Mecz rozpoczął się od pięciopunktowego prowadzenia przyjezdnych (4:9) w połowie pierwszej kwarty. Bardziej doświadczone zawodniczki z Pruszkowa szybko poprawiły jednak swoją grę i po 10 minutach było już 15:10, a po dwóch kwartach 27:20 dla Nice Lidera. Grą zespołu umiejętnie kierowała Lidia Kopczyk, która oprócz 6 punktów miała do przerwy 4 asysty i 4 zbiórki. Gdynianki dwukrotnie zrywały się do odrabiania strat - na początku trzeciej i czwartek kwarty - przewaga miejscowych ani razu nie zmalała do jednak mniej niż czterech punktów (32:28 w 24 minucie). Drugi zryw kosztował jednak przyjezdne bardzo wiele. Od stanu 51:45 zawodniczki Nice Lidera zdobyły aż 21 punktów (przy tylko 3 rywalek), wygrywając cały mecz 72:48.
W spotkaniu z VBW Gdynia w drużynie z Pruszkowa zadebiutowała grająca ostatnio w PTK Aflofarm Vicard Pabianice silna skrzydłowa Katarzyna Salska. Zawodniczka przez 25 minut rzuciła 6 punktów (2/8 z gry), miała 7 zbiórek i aż 5 strat. - Kasia trenowała z nami dopiero od czwartku. Słabo znała jeszcze zagrywki zespołu, z tego powodu popełniła tak dużą liczbę strat. Z jej gry jestem jednak zadowolony - podsumował trener Rybczyński.

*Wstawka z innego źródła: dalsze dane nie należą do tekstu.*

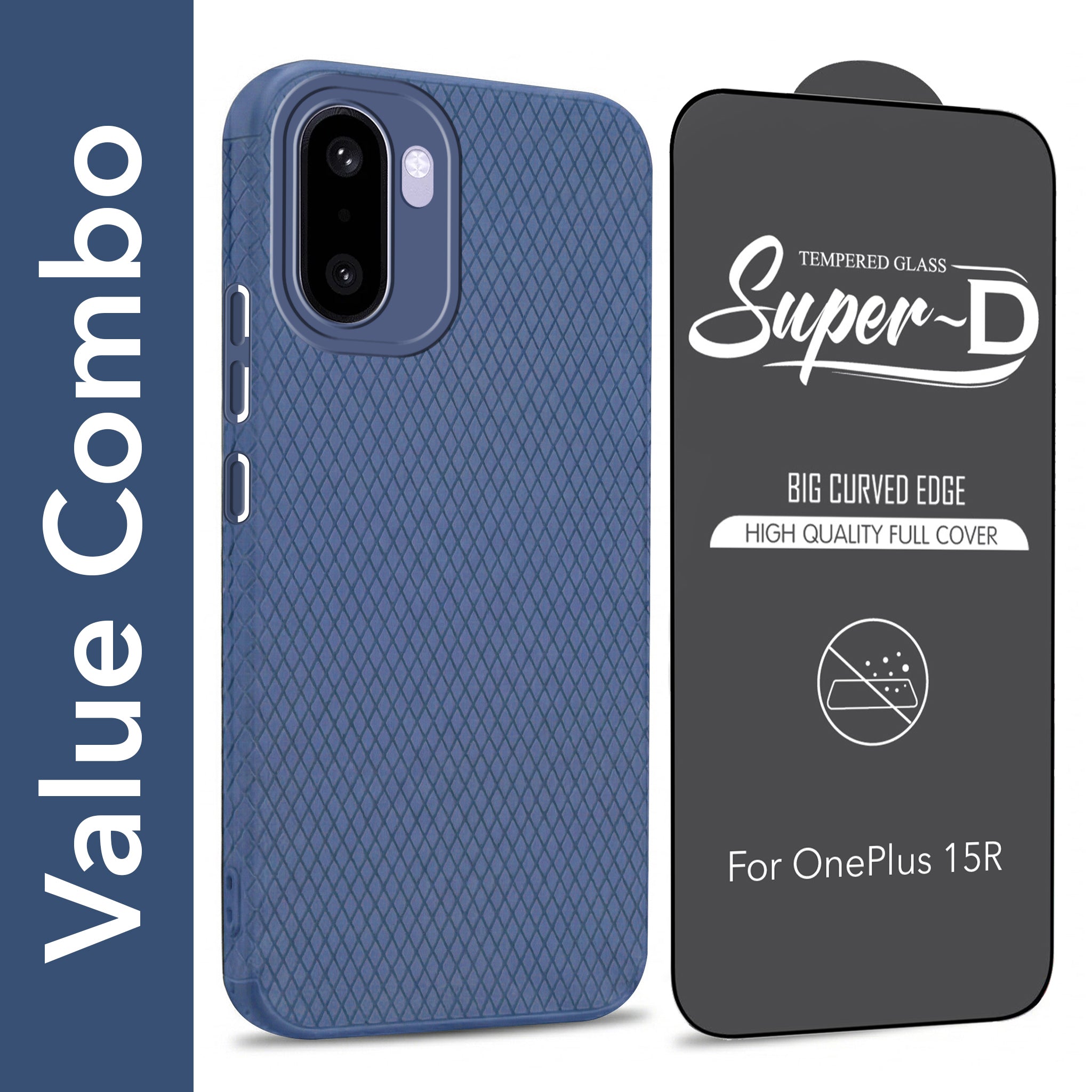 For OnePlus 15R Combo with Back Cover and 9H Tempered Glass (Liquid Silicone | Camera Protection | Oleophobic Coating Screen Glass)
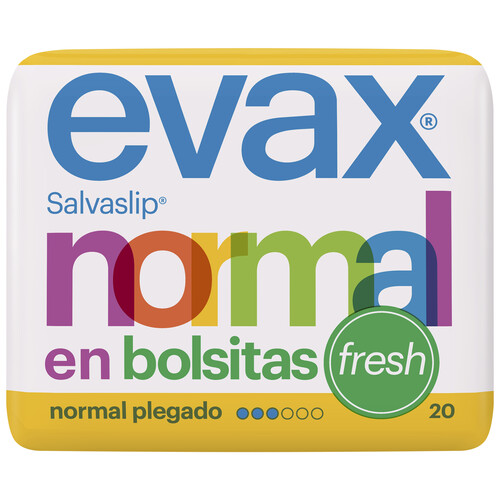 Salvaslips normal, perfumados, plegados y en bolsitas EVAX Fresh 20 uds.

Nice Lider Pruszków - VBW Gdynia 72:48 (15:10, 12:10, 24:18, 21:10)
Punkty dla Nice Lider: Bibrzycka 14 (2), Kopczyk 12 (1), Pułtorak 10 (2), Zagrobelna 10 (1), Kuncewicz 8, Pietrzak 6 (2), Balicka 6, Salska 6 (1), Kadrońska 0.
Punkty dla VBW Gdynia: Jujka 13 (1), Urbaniak 12, Sosnowska 8, Tomiałowicz 5 (1), Bruzgul 4, Miazga 4, Cieślicka 2, Bogucka 0, Dobrowolska 0, Modelska 0, Tarnachowicz 0, Witkowska 0.